Of the lines in the data below, write out exactly those from the one holding "Jaw Pads (8111250)" through the one holding "Louis Vuitton Slippers", both included.

■ Records to process:

BEGIN

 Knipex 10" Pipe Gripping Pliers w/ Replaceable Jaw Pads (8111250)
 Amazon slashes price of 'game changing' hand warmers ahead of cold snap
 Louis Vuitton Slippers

END
BEGIN

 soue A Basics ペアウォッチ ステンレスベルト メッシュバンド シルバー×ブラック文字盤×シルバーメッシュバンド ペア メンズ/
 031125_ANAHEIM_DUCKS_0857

END

■ Problem solution:
 Knipex 10" Pipe Gripping Pliers w/ Replaceable Jaw Pads (8111250)
 Amazon slashes price of 'game changing' hand warmers ahead of cold snap
 Louis Vuitton Slippers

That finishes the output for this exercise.